Mit großen Lautstärke abgespielt dürften sie ohnhin durch den Schalldruck "hörbar" werden, weil der Hörsinn zwar nicht den Ton wahrnimmt, aber sehr wohl den Schalldruck und das Gehirn mitunter mit Irritation reagiert, bei der es dazu kommen kann, daß man hohe glaubt ein hohes Fiepen oder Pfeifen zu hören.

Sollten diese Töne über CD-player oder ähnliche Digital-Geräte abgespielt werden, so denke ich mal, daß die steilflankigen Filter in den Geräten die Amplituden der verursachenden Signale soweit absenken, daß wiederum sehr hohe Pegel nötig wären. Im Verhältniss müßte die umgebende Musik so übermäßig laut sein, damit sich dieses Phänomen auswirken kann, daß man es vermutlich bei normalem Einsatz gar nicht bemerkt. Das Gehör dürfte durch die umgebende Musik so nachhaltig "traumatisiert sein, daß es zu einer "Verdeckung" kommt.

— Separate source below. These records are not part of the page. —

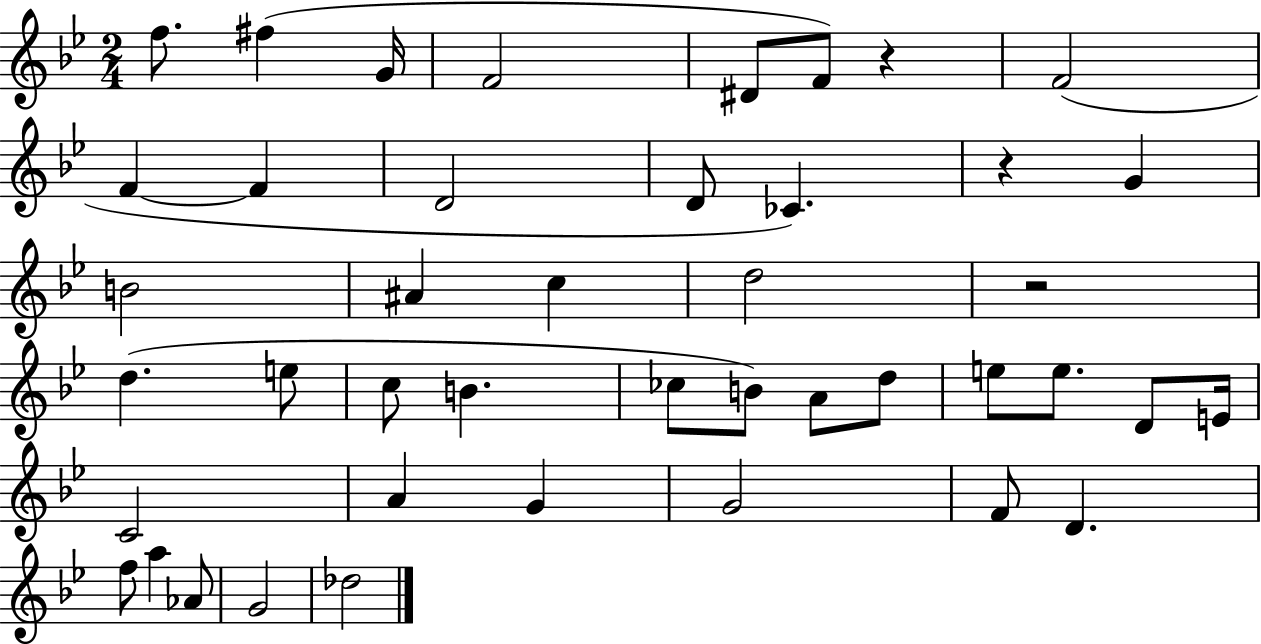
{
  \clef treble
  \numericTimeSignature
  \time 2/4
  \key bes \major
  f''8. fis''4( g'16 | f'2 | dis'8 f'8) r4 | f'2( | \break f'4~~ f'4 | d'2 | d'8 ces'4.) | r4 g'4 | \break b'2 | ais'4 c''4 | d''2 | r2 | \break d''4.( e''8 | c''8 b'4. | ces''8 b'8) a'8 d''8 | e''8 e''8. d'8 e'16 | \break c'2 | a'4 g'4 | g'2 | f'8 d'4. | \break f''8 a''4 aes'8 | g'2 | des''2 | \bar "|."
}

Wenn es zu Schwebungen kommt, so vermutlich bei sehr viel tieferen Frequenzen, diese werden aber natürlich dem Klangbild zugerechnet, sind Teil der Musik. Isolierte Betrachtungen anhand von Sinustönen helfen hier bei der Erforschung des menschlichen Hörsinnes, ja bekanntlich kaum weiter.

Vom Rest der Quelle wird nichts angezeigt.